--- PROVIDED INFORMATION ---
****

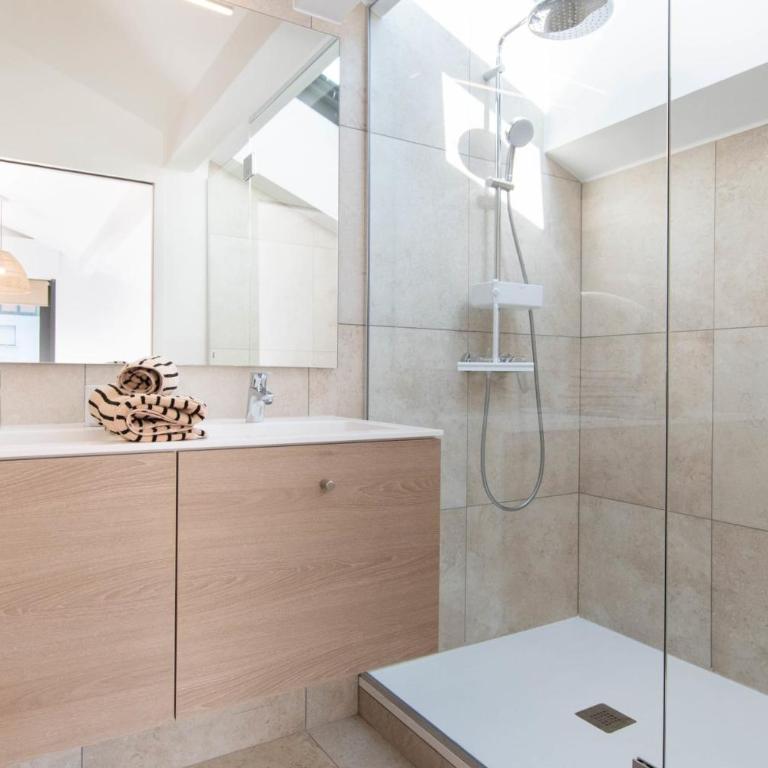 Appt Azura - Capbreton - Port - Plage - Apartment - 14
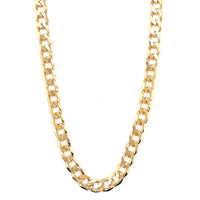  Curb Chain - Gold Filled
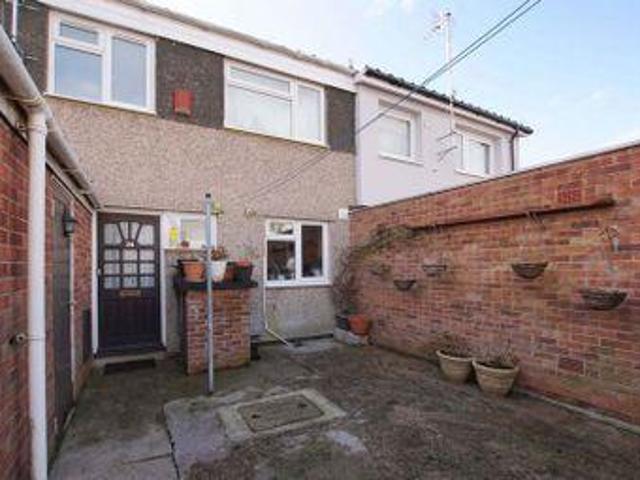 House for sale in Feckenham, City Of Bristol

****

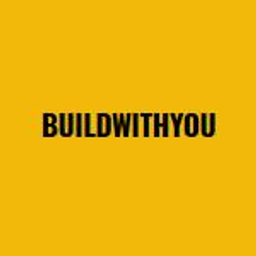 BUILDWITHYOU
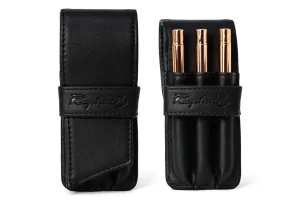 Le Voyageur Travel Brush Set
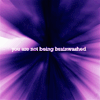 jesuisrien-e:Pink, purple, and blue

****

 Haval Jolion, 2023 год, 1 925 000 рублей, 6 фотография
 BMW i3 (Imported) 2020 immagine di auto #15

****

--- THE TASK ---
Starting at the line above that contains "Haval Jolion, 2023", repeat each line exactly up to and including the line that contains "BMW i3 (Imported) 2020 immagine di auto #15", and stop there.

--- FINISHED EXERCISE ---
 Haval Jolion, 2023 год, 1 925 000 рублей, 6 фотография
 BMW i3 (Imported) 2020 immagine di auto #15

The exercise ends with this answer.